_What the task requires_:
Extract from the entries below, exactly as given, only the lines from the line containing "Hotel Laura 로마 외부 사진" to the line containing "MTB Karpacz 2016", both lines included.

_Available data_:
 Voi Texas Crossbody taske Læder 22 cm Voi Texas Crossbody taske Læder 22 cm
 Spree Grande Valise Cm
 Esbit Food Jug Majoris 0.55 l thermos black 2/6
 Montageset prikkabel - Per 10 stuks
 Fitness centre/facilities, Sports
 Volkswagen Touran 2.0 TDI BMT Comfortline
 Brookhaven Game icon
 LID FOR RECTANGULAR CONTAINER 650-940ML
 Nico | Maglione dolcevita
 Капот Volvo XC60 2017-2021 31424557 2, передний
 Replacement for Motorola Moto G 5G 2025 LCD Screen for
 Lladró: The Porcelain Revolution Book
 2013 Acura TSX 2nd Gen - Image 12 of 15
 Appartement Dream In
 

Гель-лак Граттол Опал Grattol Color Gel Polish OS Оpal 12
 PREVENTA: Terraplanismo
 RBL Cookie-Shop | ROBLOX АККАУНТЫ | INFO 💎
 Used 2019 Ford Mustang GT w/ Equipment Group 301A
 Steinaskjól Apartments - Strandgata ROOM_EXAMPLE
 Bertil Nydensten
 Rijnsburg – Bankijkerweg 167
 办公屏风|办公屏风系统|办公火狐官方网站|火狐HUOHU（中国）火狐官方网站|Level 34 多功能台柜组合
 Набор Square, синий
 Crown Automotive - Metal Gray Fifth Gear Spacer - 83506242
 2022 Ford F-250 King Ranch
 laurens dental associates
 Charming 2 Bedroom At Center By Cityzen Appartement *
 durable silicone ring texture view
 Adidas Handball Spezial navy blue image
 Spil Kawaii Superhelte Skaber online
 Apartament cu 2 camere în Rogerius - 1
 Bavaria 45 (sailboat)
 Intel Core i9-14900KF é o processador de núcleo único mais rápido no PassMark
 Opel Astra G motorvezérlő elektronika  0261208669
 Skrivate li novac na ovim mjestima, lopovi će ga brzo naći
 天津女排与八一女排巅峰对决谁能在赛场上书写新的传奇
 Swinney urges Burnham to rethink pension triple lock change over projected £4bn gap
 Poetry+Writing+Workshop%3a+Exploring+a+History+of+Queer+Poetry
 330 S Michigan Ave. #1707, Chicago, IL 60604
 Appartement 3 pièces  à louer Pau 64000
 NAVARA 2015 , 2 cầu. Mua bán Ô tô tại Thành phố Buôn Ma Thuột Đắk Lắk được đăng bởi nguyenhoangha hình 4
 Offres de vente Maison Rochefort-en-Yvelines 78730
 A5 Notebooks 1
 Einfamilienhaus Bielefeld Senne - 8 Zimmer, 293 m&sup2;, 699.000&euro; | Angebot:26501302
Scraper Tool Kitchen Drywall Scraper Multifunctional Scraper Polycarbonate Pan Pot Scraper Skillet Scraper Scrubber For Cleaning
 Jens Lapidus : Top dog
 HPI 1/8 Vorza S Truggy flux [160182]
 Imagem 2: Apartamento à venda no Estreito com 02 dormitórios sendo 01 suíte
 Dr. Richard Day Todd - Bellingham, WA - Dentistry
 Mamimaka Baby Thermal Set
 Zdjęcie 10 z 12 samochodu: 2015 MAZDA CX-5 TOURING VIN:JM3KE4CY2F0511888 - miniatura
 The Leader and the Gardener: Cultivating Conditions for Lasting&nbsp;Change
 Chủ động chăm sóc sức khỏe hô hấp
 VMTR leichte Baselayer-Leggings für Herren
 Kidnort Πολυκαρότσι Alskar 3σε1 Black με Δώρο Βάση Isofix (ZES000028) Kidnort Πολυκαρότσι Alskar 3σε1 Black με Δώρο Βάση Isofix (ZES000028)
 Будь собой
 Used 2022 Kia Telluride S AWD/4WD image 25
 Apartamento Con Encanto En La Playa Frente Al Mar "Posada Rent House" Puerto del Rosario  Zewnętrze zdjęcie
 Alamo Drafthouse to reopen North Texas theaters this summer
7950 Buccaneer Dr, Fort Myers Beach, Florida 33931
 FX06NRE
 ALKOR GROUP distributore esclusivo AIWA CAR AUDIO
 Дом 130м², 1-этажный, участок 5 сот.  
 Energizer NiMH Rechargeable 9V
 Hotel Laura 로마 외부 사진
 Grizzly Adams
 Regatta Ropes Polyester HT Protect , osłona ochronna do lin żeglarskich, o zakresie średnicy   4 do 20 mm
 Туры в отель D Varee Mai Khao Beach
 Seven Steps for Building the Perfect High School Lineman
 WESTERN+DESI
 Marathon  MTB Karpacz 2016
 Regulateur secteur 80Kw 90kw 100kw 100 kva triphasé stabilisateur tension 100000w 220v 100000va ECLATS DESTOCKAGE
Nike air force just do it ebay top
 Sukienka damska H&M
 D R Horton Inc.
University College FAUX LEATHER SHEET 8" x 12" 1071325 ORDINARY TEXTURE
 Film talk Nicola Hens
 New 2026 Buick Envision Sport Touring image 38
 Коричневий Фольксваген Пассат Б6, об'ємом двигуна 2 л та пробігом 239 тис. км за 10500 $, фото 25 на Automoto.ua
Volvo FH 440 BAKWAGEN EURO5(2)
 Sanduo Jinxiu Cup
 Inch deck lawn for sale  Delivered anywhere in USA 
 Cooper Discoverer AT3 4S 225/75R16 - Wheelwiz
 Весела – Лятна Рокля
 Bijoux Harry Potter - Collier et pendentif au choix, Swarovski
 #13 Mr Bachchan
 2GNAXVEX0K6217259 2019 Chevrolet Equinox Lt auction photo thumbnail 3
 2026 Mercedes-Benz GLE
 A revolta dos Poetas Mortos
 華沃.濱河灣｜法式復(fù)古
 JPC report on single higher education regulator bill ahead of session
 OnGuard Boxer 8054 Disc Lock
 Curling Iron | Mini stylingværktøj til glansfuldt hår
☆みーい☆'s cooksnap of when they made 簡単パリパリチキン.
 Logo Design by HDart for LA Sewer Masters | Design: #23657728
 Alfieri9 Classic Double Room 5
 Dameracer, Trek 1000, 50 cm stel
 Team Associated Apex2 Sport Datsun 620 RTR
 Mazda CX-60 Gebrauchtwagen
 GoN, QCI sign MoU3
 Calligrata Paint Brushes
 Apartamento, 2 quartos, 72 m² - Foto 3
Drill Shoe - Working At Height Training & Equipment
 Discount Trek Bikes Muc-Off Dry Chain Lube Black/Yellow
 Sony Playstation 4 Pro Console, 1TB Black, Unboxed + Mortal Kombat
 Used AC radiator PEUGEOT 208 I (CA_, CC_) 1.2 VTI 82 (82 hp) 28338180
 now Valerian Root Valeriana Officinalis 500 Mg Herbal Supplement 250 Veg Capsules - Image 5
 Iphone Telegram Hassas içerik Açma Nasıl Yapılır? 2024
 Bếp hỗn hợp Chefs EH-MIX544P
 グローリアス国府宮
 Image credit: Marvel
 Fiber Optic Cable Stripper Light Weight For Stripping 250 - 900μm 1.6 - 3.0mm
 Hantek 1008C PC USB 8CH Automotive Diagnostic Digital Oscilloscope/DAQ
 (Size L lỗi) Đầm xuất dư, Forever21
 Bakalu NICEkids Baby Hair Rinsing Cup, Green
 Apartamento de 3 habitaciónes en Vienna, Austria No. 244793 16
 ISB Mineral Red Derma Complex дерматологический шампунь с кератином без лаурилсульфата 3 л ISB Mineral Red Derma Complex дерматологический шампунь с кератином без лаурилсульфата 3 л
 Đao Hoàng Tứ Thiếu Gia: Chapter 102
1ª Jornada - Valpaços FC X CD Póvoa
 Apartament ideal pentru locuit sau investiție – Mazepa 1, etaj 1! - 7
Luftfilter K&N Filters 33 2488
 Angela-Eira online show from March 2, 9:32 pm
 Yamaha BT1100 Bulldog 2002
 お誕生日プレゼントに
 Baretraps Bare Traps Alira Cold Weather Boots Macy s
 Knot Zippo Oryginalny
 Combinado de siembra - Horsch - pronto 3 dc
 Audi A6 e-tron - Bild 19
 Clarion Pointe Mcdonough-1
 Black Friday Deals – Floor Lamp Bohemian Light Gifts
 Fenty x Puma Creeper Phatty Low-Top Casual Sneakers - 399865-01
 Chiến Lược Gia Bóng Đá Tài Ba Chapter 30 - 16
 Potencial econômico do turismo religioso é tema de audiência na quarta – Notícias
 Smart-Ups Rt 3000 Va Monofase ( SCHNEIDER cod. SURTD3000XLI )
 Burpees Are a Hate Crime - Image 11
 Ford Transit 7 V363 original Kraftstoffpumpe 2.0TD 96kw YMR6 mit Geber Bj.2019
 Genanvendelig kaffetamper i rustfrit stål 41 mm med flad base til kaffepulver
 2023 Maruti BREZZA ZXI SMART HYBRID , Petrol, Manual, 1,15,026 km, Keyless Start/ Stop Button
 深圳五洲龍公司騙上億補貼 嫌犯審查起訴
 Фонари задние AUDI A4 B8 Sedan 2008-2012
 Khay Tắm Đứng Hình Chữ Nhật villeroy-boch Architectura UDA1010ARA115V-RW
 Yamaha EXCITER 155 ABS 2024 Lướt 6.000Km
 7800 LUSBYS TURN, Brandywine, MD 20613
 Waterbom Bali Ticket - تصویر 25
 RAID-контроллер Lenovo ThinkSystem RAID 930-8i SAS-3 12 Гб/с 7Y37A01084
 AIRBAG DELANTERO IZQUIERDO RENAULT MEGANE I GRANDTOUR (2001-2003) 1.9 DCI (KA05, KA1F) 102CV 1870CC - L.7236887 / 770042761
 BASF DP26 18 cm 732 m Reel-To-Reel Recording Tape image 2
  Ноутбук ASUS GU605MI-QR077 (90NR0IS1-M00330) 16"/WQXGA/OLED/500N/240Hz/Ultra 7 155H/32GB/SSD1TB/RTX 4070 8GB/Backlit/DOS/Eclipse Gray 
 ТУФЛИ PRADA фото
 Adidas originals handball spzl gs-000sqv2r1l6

_Exercise solution_:
 Hotel Laura 로마 외부 사진
 Grizzly Adams
 Regatta Ropes Polyester HT Protect , osłona ochronna do lin żeglarskich, o zakresie średnicy   4 do 20 mm
 Туры в отель D Varee Mai Khao Beach
 Seven Steps for Building the Perfect High School Lineman
 WESTERN+DESI
 Marathon  MTB Karpacz 2016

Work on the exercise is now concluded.